Investor-owned utilities have traditionally been compensated through a cost-of-service model. Under this model, certain expenses, including operations and maintenance, are passed through to customers in the form of electricity rates. Capital expenses, such as building out infrastructure and power plants, are added to what’s called a utility’s rate base. Everything that goes into the rate base also receives a rate of return.
Added up, these pieces produce a revenue requirement, which is how much money utilities must collect from customers to cover their expenses, pay their taxes and earn a rate of return for shareholders. This revenue requirement is used in calculating rates. (Note: This overview does not represent the exact equation that states use; it’s a simplified version that captures some of the major components.)
Ultimately, how much revenue utilities obtain depends on how much electricity they sell. This structure, however, offers limited motivation to pursue energy efficiency, customer-focused distributed energy resources and other efforts that might lower electricity sales. Furthermore, it doesn’t provide an incentive to reduce expenses for what goes into the rate base, so utilities gain from building equipment.
As Rocky Mountain Institute’s Cara Goldenberg explained, though, the electricity system is changing. New consumer expectations, new policies, new needs on the grid and new industry targets are here, and these have not been previously considered in utility compensation. Therefore, utilities face barriers to meeting these fresh demands.

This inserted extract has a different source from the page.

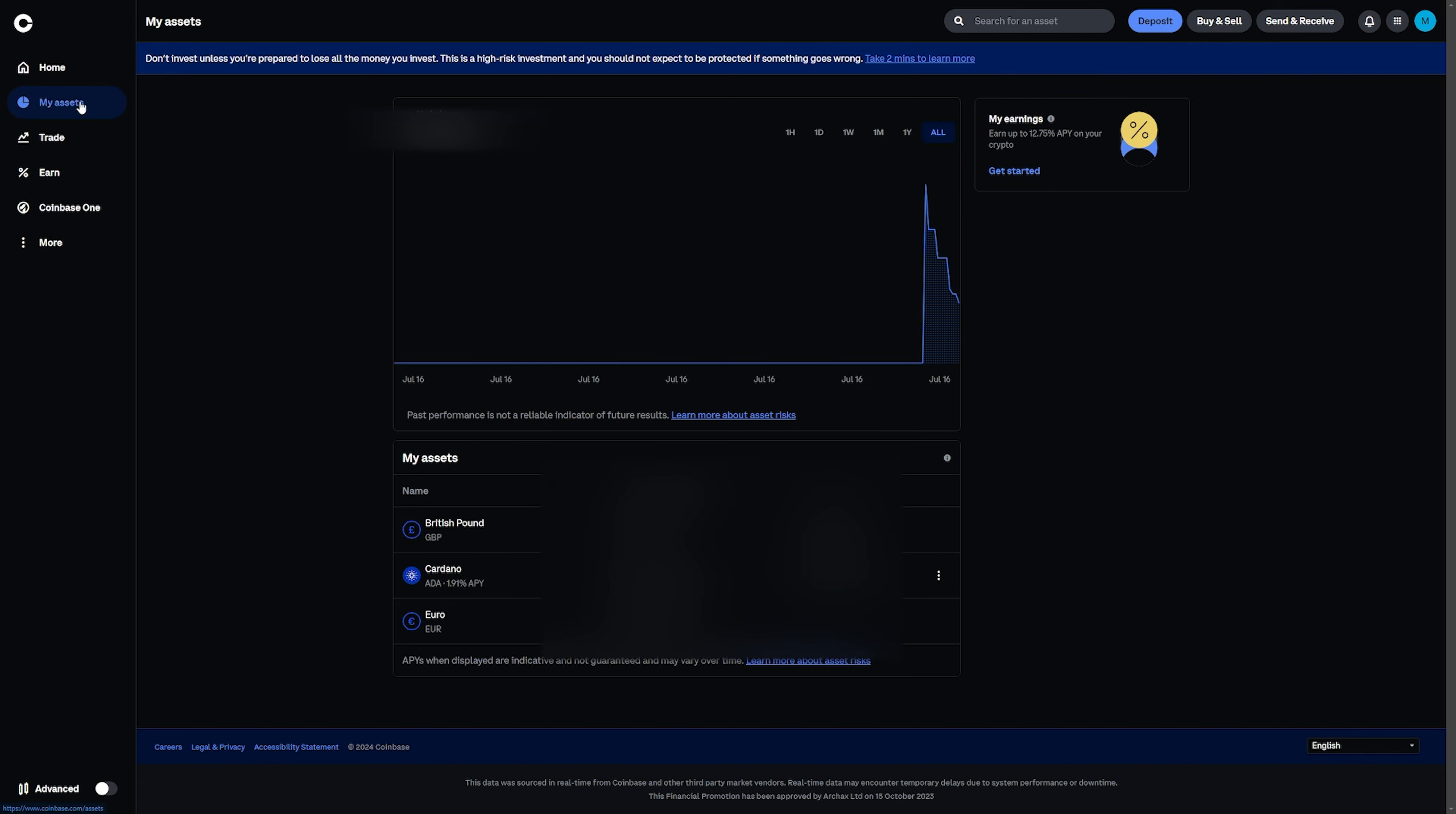go to my assets and here you can see how much you have in your Coinbase account to withdraw.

Performance-based regulation, or PBR, is one approach to reducing these barriers and providing incentives for utilities to keep up with their changing landscape. Although PBR is just a piece of the puzzle, it has the potential to complement other strategies, such as tariff and rate design, distributed energy resource compensation, and planning and grid modernization initiatives.

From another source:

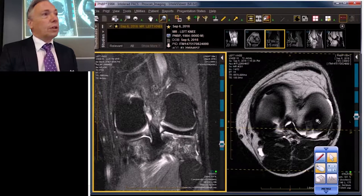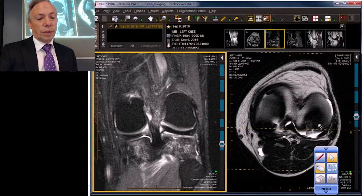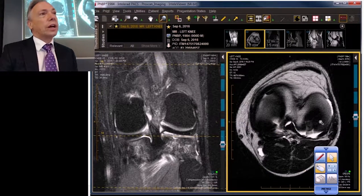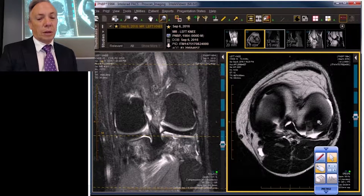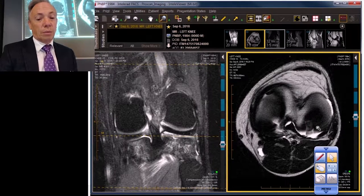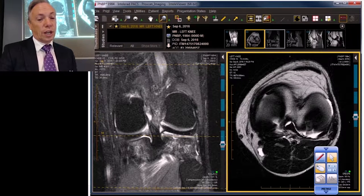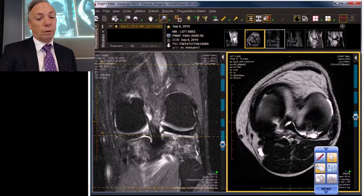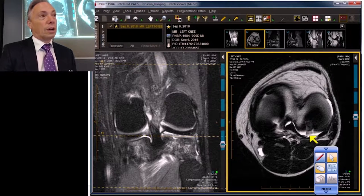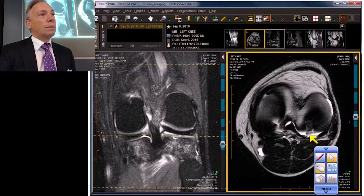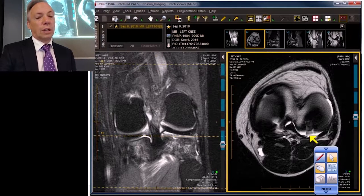Often underutilized is the axial projection, and when you scroll thin section axials — less than two millimeters — you can pick up a lot of information. For instance, you can see a problem with the bone on the lateral side, which correlates with this fracture or osteochondral fracture on the lateral side. You also see distension of the posterolateral meniscal capsular reflection by fluid, which already tells you that you probably have had some type of pivot shift related insult.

One foundational aspect of PBR is decoupling the link between energy delivered and revenue collected. Removing this association can produce greater investment in energy efficiency and provide a more stable inflow of utility revenue, which could promote innovation. To date, over a third of U.S. states and about 50 utilities have implemented decoupling.
Several states also offer multiyear rate plans. Instead of holding annual rate cases, regulators set utility revenues around three to five years in advance, often basing them on forecasted expenditures. The objective here is to drive cost containment by allowing utilities to hold onto the savings they achieve from keeping their costs below the set revenues. Multiyear rate plans additionally reduce the regulatory burden of rate cases.
Implementing multiyear rate plans won’t automatically lead to more clean energy, but it can work alongside other policies and regulations that stimulate investment. It provides more revenue certainty for utilities, which can increase flexibility in grid modernization and related efforts.
Multiyear rate plans can be supported by targeted performance incentive mechanisms (PIMs). PIMs are designed to reward or penalize utility performance in achieving objectives or outcomes that align with public interests.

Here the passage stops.